▶ Exercise brief:
With pictures omitted, transcribe exactly the lines from the one containing "Felpa con cappuccio" to the end of the records below.

::: Recorded information :::

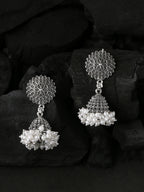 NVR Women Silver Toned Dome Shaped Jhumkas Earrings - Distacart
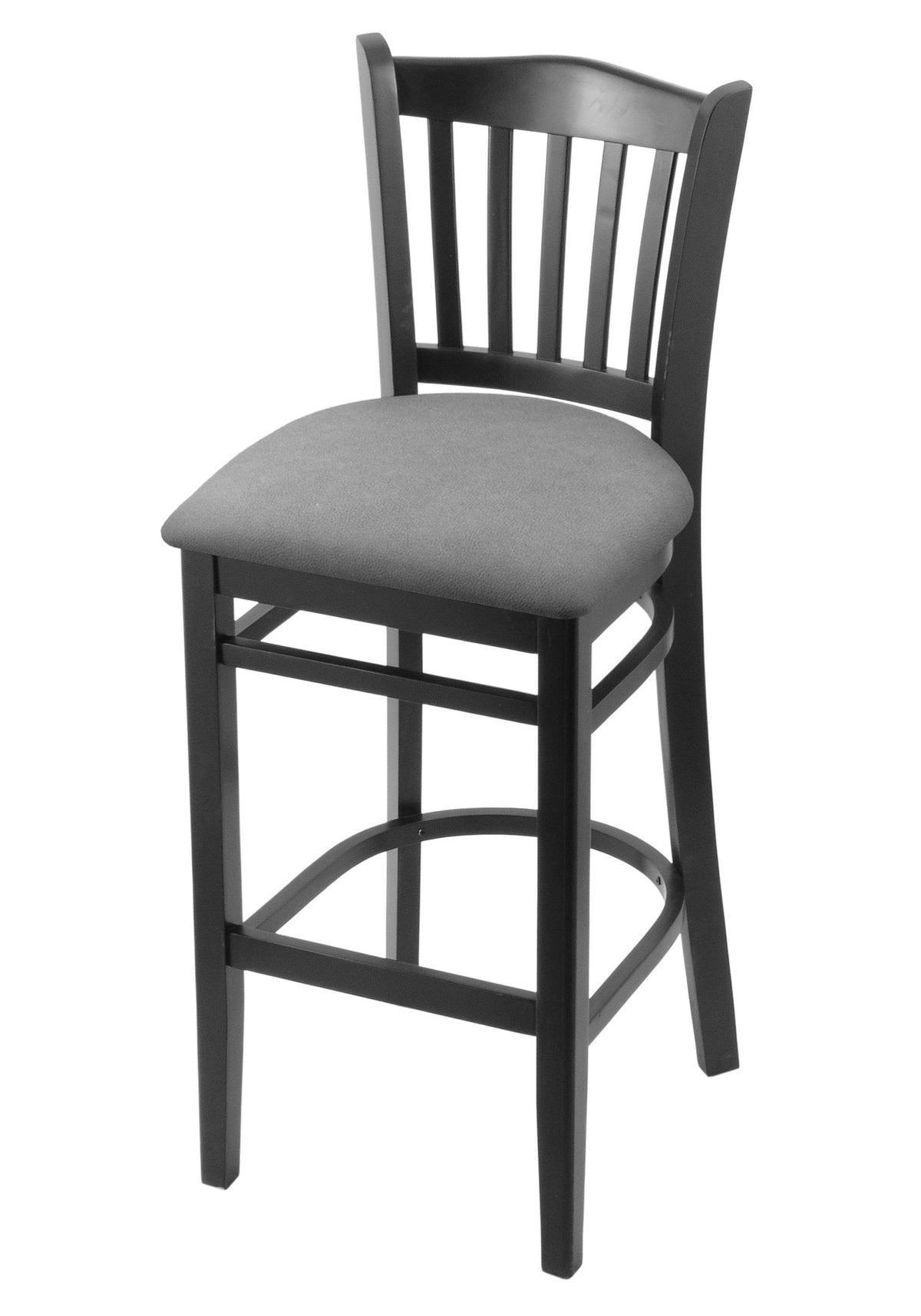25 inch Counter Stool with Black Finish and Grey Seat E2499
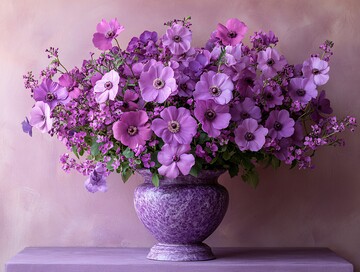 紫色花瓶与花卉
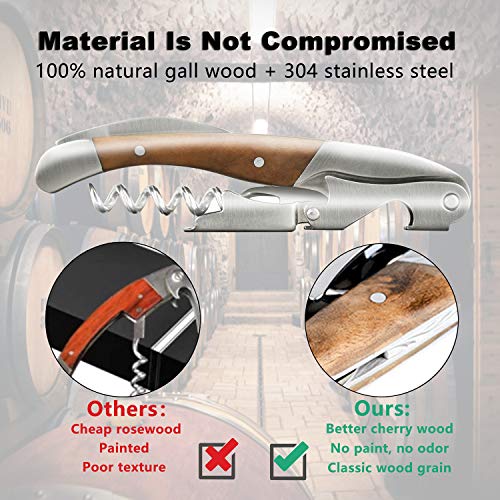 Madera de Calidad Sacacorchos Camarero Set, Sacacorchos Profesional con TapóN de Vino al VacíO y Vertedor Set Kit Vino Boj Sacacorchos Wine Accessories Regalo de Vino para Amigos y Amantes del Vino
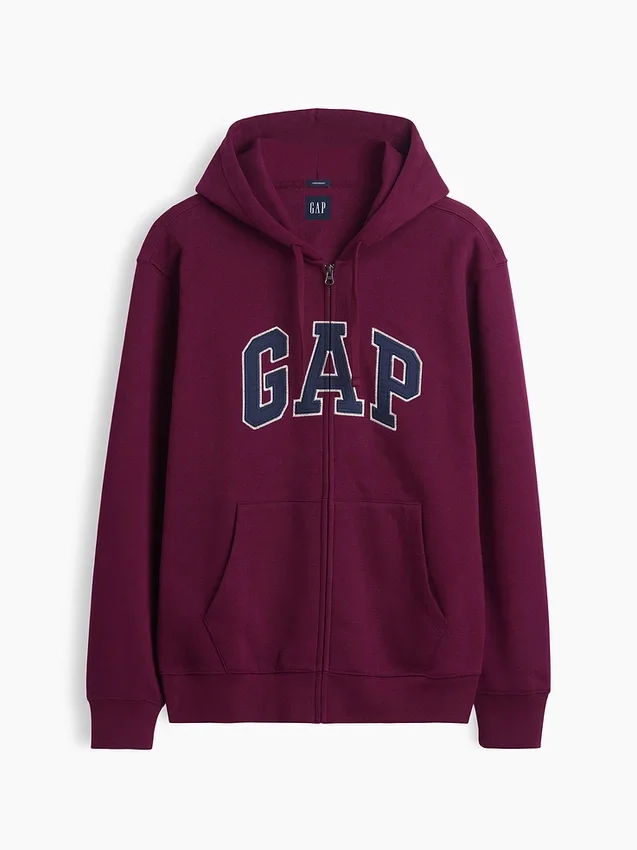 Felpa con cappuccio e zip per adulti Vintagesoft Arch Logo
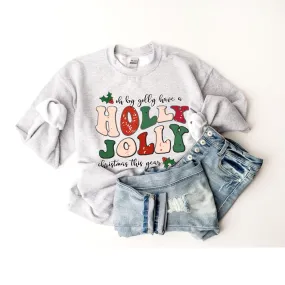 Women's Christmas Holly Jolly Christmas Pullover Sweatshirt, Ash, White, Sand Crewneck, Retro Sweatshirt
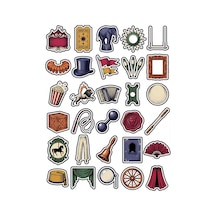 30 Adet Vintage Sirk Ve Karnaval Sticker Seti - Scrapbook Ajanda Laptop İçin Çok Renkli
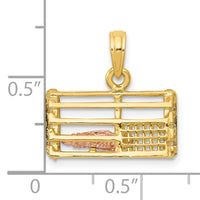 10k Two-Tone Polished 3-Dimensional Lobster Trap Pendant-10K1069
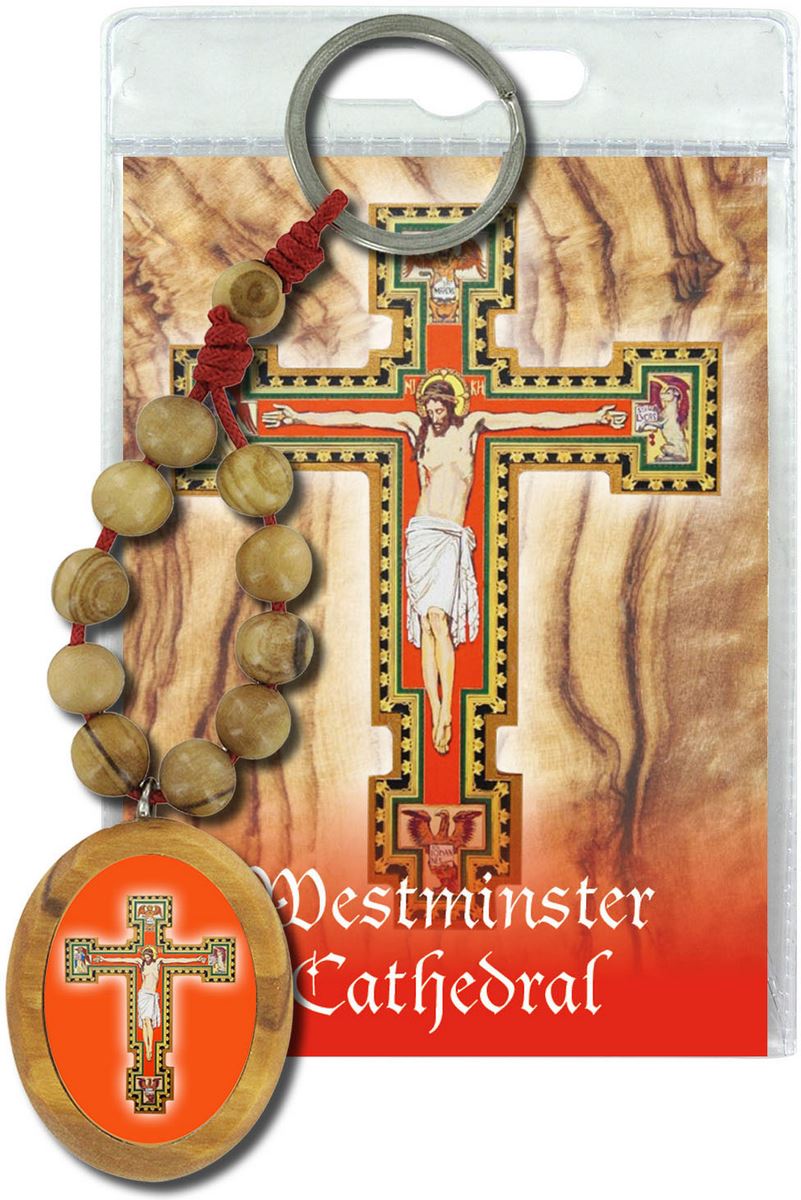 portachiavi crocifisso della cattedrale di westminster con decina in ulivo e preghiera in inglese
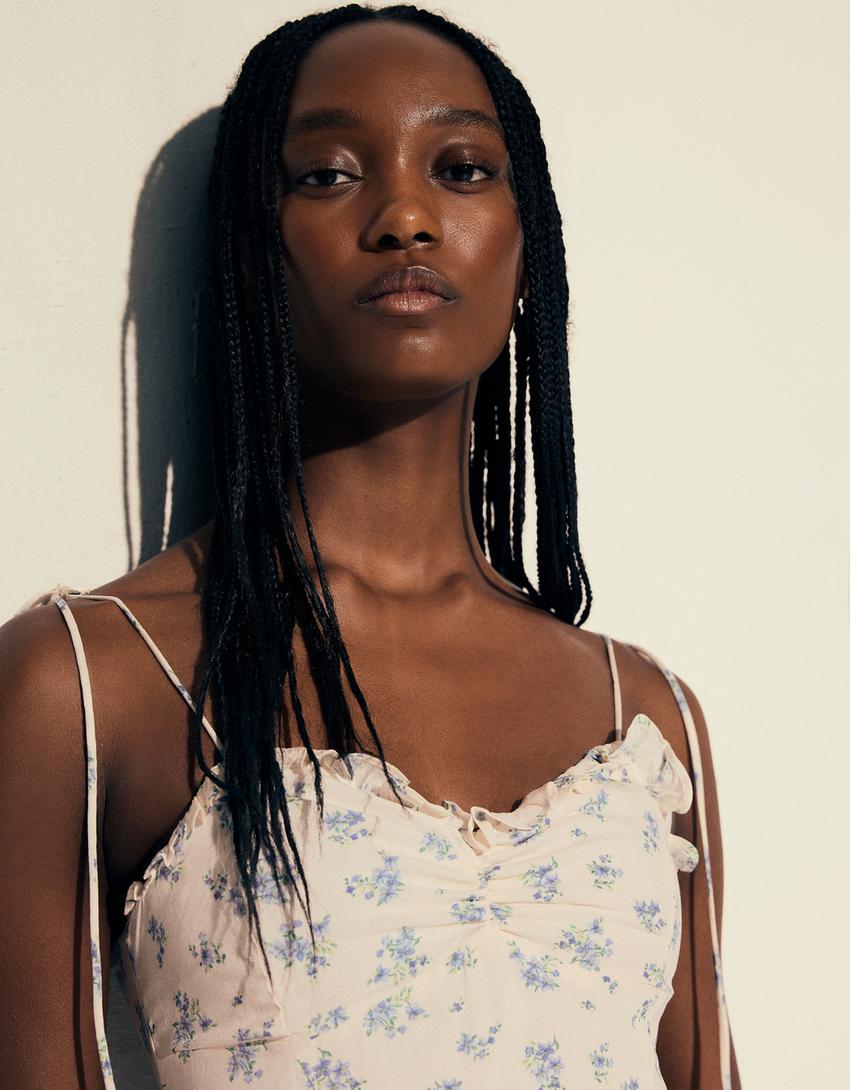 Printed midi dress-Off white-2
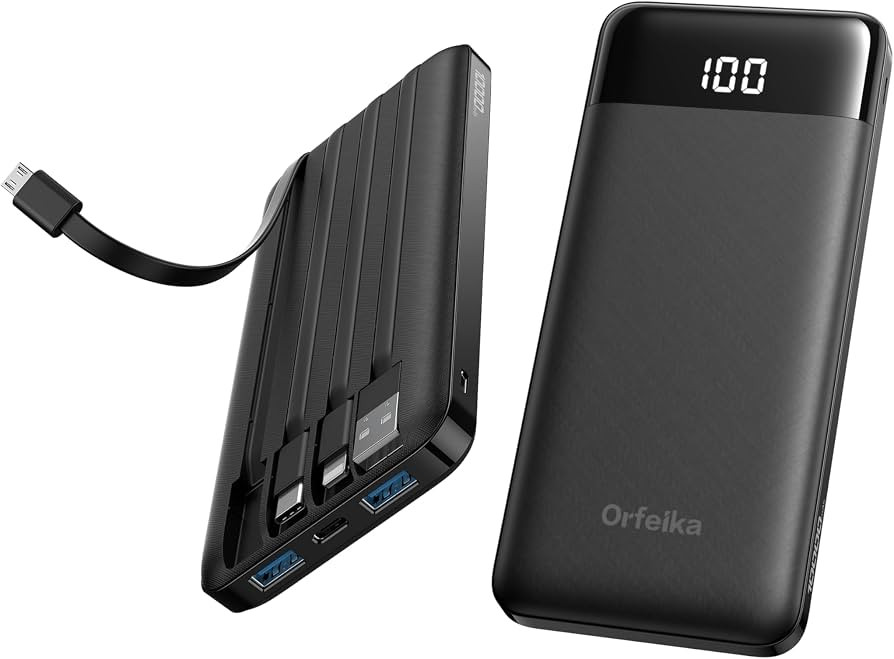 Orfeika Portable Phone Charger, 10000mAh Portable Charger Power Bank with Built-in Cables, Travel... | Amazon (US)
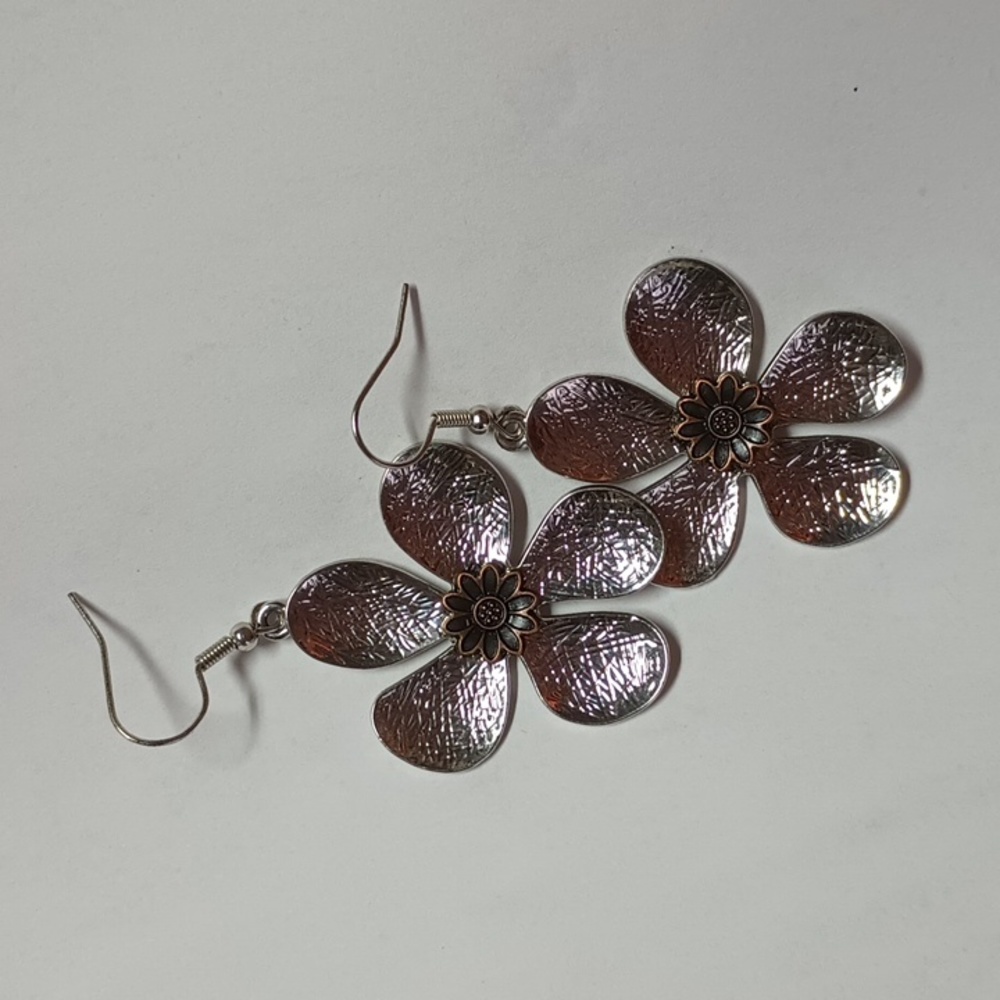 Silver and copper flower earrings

:::

▶ Reply:
 Felpa con cappuccio e zip per adulti Vintagesoft Arch Logo
 Women's Christmas Holly Jolly Christmas Pullover Sweatshirt, Ash, White, Sand Crewneck, Retro Sweatshirt
 30 Adet Vintage Sirk Ve Karnaval Sticker Seti - Scrapbook Ajanda Laptop İçin Çok Renkli
 10k Two-Tone Polished 3-Dimensional Lobster Trap Pendant-10K1069
 portachiavi crocifisso della cattedrale di westminster con decina in ulivo e preghiera in inglese
 Printed midi dress-Off white-2
 Orfeika Portable Phone Charger, 10000mAh Portable Charger Power Bank with Built-in Cables, Travel... | Amazon (US)
 Silver and copper flower earrings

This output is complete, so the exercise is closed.